WHAT IS EXPECTED. Would you please write out each entry that follows, exactly as written?

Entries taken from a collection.
*** Begin section ***

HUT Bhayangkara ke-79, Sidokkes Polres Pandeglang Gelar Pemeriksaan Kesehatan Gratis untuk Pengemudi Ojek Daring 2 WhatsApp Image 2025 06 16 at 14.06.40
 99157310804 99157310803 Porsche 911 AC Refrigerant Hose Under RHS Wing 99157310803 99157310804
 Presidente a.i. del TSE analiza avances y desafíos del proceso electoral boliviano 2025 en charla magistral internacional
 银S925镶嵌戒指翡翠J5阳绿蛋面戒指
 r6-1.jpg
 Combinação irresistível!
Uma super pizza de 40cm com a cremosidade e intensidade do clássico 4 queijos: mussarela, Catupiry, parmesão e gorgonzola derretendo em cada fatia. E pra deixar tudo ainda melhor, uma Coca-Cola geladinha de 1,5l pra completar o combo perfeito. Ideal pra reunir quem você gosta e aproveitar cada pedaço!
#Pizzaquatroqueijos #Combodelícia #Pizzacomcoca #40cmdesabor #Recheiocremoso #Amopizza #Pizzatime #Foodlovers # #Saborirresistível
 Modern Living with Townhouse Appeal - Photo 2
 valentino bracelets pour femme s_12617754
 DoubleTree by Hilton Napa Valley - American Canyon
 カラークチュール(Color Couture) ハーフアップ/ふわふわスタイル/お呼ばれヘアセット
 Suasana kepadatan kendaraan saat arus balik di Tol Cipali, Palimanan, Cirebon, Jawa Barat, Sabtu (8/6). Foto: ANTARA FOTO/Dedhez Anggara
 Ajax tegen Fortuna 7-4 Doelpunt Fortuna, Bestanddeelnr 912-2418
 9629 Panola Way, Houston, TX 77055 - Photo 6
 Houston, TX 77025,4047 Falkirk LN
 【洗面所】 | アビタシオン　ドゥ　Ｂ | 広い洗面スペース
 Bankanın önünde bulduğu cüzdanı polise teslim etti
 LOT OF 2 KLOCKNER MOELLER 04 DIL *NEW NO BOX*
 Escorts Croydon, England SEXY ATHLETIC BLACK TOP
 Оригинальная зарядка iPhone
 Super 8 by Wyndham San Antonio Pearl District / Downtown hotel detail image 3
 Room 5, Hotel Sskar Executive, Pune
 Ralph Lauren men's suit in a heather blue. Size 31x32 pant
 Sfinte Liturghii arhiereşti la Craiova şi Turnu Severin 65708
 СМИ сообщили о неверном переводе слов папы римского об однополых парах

*** End section ***

RESPONSE.
HUT Bhayangkara ke-79, Sidokkes Polres Pandeglang Gelar Pemeriksaan Kesehatan Gratis untuk Pengemudi Ojek Daring 2 WhatsApp Image 2025 06 16 at 14.06.40
 99157310804 99157310803 Porsche 911 AC Refrigerant Hose Under RHS Wing 99157310803 99157310804
 Presidente a.i. del TSE analiza avances y desafíos del proceso electoral boliviano 2025 en charla magistral internacional
 银S925镶嵌戒指翡翠J5阳绿蛋面戒指
 r6-1.jpg
 Combinação irresistível!
Uma super pizza de 40cm com a cremosidade e intensidade do clássico 4 queijos: mussarela, Catupiry, parmesão e gorgonzola derretendo em cada fatia. E pra deixar tudo ainda melhor, uma Coca-Cola geladinha de 1,5l pra completar o combo perfeito. Ideal pra reunir quem você gosta e aproveitar cada pedaço!
#Pizzaquatroqueijos #Combodelícia #Pizzacomcoca #40cmdesabor #Recheiocremoso #Amopizza #Pizzatime #Foodlovers # #Saborirresistível
 Modern Living with Townhouse Appeal - Photo 2
 valentino bracelets pour femme s_12617754
 DoubleTree by Hilton Napa Valley - American Canyon
 カラークチュール(Color Couture) ハーフアップ/ふわふわスタイル/お呼ばれヘアセット
 Suasana kepadatan kendaraan saat arus balik di Tol Cipali, Palimanan, Cirebon, Jawa Barat, Sabtu (8/6). Foto: ANTARA FOTO/Dedhez Anggara
 Ajax tegen Fortuna 7-4 Doelpunt Fortuna, Bestanddeelnr 912-2418
 9629 Panola Way, Houston, TX 77055 - Photo 6
 Houston, TX 77025,4047 Falkirk LN
 【洗面所】 | アビタシオン　ドゥ　Ｂ | 広い洗面スペース
 Bankanın önünde bulduğu cüzdanı polise teslim etti
 LOT OF 2 KLOCKNER MOELLER 04 DIL *NEW NO BOX*
 Escorts Croydon, England SEXY ATHLETIC BLACK TOP
 Оригинальная зарядка iPhone
 Super 8 by Wyndham San Antonio Pearl District / Downtown hotel detail image 3
 Room 5, Hotel Sskar Executive, Pune
 Ralph Lauren men's suit in a heather blue. Size 31x32 pant
 Sfinte Liturghii arhiereşti la Craiova şi Turnu Severin 65708
 СМИ сообщили о неверном переводе слов папы римского об однополых парах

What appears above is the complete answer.